At that time, the following nations had tabled instruments for ratification of the Covenant: the extension of the Covenant to other nations was well received at the international level. After the heavy losses of the First World War, the idea of declaring war illegal was very popular with international public opinion. Because the language of the pact justified the important point that only wars of aggression – not military acts of self-defence – would be covered by the Covenant, many nations had no objection to signing. If the pact were intended to limit conflict, everyone would benefit; not to draw any legal consequences.
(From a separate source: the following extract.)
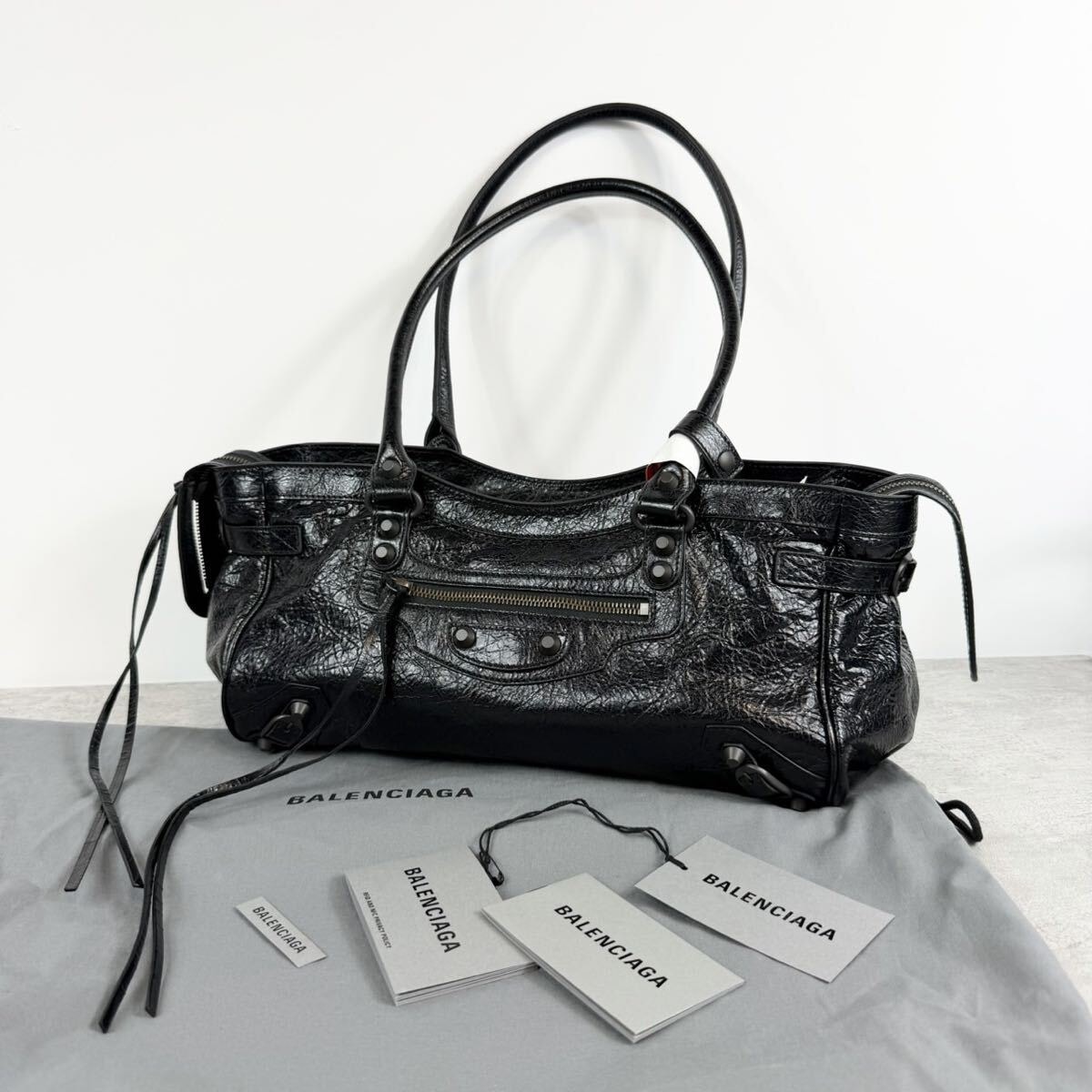 A+ (新品・未使用(ワケあり))】新品 BALENCIAGA LE CITY EAST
In early 1928, the negotiations of the agreement were extended to all the first signatories. In the final version of the pact, they agreed on two clauses: the first dense war, as an instrument of national policy, and the second inviting the signatories to settle their differences by peaceful means. By signing the Litvinov Protocol in Moscow on 9 February 1929, the Soviet Union and its western neighbours, including Romania, agreed to bring the Kellogg Briand Pact into force without waiting for ratification by other Western signatories.  The Bessararian question had made the agreement between Romania and the Soviet Union a challenge and the continuation of the dispute between the nations over Bessarabia.   With the influence and support of Shotwell and Butler, French Foreign Minister Aristide Briand proposed a peace pact as a bilateral agreement between the United States and France to ban war between them. France, particularly hard hit by the First World War, was confronted with the continuing precariousness of its German neighbour and sought alliances to support its defence.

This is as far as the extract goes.